I’m usually a fan of the brutally peaty Islay malts, but sometimes I don’t have the cash to splurge on a bottle of Laphroaig or Lagavulin. Sometimes I just want something I can drink a lot of, and not feel bad that I just drank what could have been a week’s worth of groceries. And that’s where the Glen Silver’s Special Reserve comes in. This modestly-priced blend comes in at $15.99 per bottle – even less than some of its bottom-shelf competitors. I have to admit that the low price put me off at first, but I enjoyed the 8- and 12-year scotches from Glen Silver’s, so with confidence, I removed the golden screw cap on this rather nice-looking bottle and went to work. Before I get into the taste, here’s some info on this blended whisky.
Packaging: 750ml bottle
Alcohol content: 40% (80 proof)
Price: $15.99 + tax
Aging: No age statement.
Deep golden brown with slender but extremely slow legs.
Sherry oak, light honey, toffee, and peat.
Neat, this whiskey was somewhat full-bodied with notes of black pepper, tar, hay, and a bit of honey sweetness. Adding a few drops of water mellows it greatly, allowing a subtle nutty taste to come through. The finish is long with lots of oak and a bit of peat. Judging solely from the price tag, I was expecting some of that distinct cheap whisk(e)y taste – that overwhelming peppery bite and vodka-like alcohol aftertaste that you get from ordering a shot of whiskey at a bar, without specifying what kind – but the Glen Silver’s Special Reserve, while not mind-blowingly complex, was smooth and tasty.

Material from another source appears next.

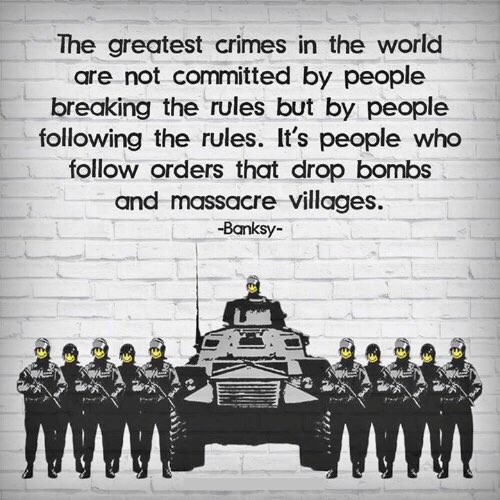 VetsAboutFace's tweet photo. “Just following orders” won’t suffice. https://t.co/txovBldFLG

While the price is suspiciously low, the Glen Silver’s Special Reserve is one of the better blended whiskies I’ve had, including some of the higher-end, bigger-name blends. It’s smooth, but it still has that peppery, smoky edge I look for in a fuller-bodied scotch. I could happily sip a couple of glasses of this on the rocks before (or after) dinner, but since it’s so inexpensive, I wouldn’t feel bad making a Rob Roy or a Rusty Nail out of it. It’s no single malt, but the Glen Silver’s Special Reserve has definitely earned a space in my liquor cabinet.